ChaosSearch Creates a Streamlined Centralized Logging Solution for Sixth Street Partners

Founded in 2009, Sixth Street is a global investment firm with over $60 billion in assets under management and more than 400 team members. As a global investment firm, with a variety of bespoke and commodity off the shelf applications used by customers and employees across the world, Sixth Street faces the difficult challenge of building a cloud presence on Amazon Web Services (AWS) with a cohesive approach to application lifecycle management, alerting, monitoring, and logging. Sixth Street partnered with Logicworks and ChaosSearch to build solutions to these problems.

Centralizing Application Log Sources

Logicworks, an AWS Premier Partner, deployed a Control Tower account management plane to help ease the burden of Identity and Access Management (IAM), security and operational guardrails, and log aggregation. Although Control Tower aggregates logs for native log data generated by AWS CloudTrail and AWS Config, it does not provide an out of the box solution for application logging.

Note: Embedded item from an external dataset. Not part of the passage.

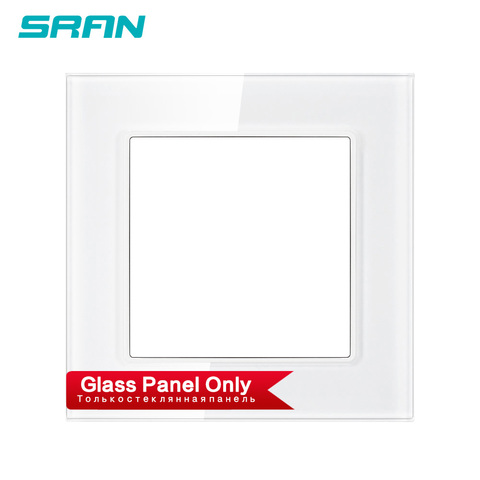 SRAN F6 panneau blanc sans installer la plaque de fer 82mm * 82mm blanc cristal panneau de verre interrupteur prise panneau accessoires ► Photo 1/6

To help build out and maintain Sixth Street’s centralized logging stack, Sixth Street enlisted the cloud-native log analysis service, ChaosSearch. “We were looking for a cost-effective centralized logging solution that could provide us with the effectiveness and flexibility of an Elasticsearch, Logstash and Kibana (ELK) stack without the additional overhead of maintaining such a solution in house,” said Dutko.

To aggregate the application logs, Logicworks and ChaosSearch collaborated and got creative. Logicworks built a solution to aggregate and centralize those logs, but Sixth Street still needed a process to query and analyze log data. Additionally, they needed a solution for monitoring and alerting on aggregate log data. ChaosSearch provided a platform for indexing, searching, and analyzing log data in a scalable and efficient manner.

Solution

The Control Tower environment built by Logicworks for Sixth Street spans three regions. It is segmented across accounts allocated by business unit and the Software Development LifeCycle (SDLC) environments of development, test, and production.

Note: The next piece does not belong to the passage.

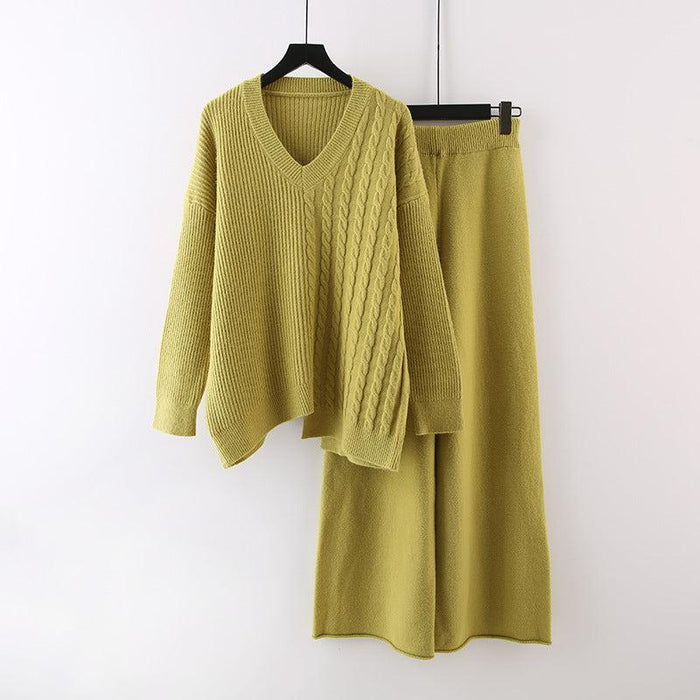 Women's Cable Knit V-Neck Sweater and Skirt Set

The standard Control Tower deployment automatically centralizes CloudTrail and Config logs from all accounts and all regions into the log archive account. Logicworks went a step further by deciding to consolidate all application logs in the central log archive account for consumption.

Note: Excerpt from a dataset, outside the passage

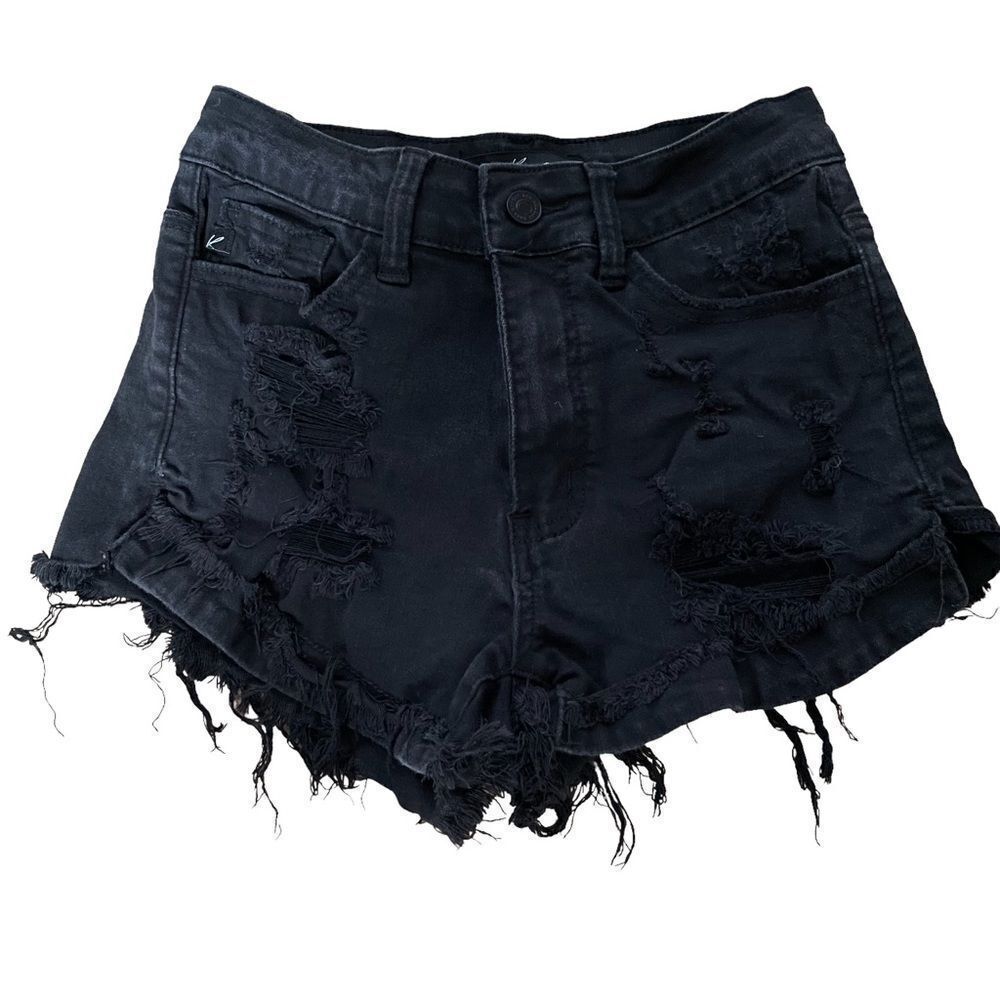 KanCan ~ Black Denim Cut off Shorts ~ size 24 - Picture 1 of 9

Sixth Street development teams writing cloud-native serverless applications using AWS Lambda could now send their logs to a central account. However, a significant amount of plumbing was required to not only get logs from their source account into the log archive account but also to enrich the data with invaluable metadata and prepare for ingestion into ChaosSearch.

Sixth Street desired to unburden both their development and infrastructure teams regarding set up for plumbing for each application. By automating the log collection and centralization process, Sixth Street developers were freed up to do what they do best - develop world class business critical applications.

The requirements provided to the Logicworks and ChaosSearch teams allowed developers to seamlessly consume logs in the ChaosSearch platform from their serverless applications built in AWS. Once deployed, a Lambda Function’s logs should flow into the ChaosSearch platform with no involvement from either the developers or the Sixth Street infrastructure team.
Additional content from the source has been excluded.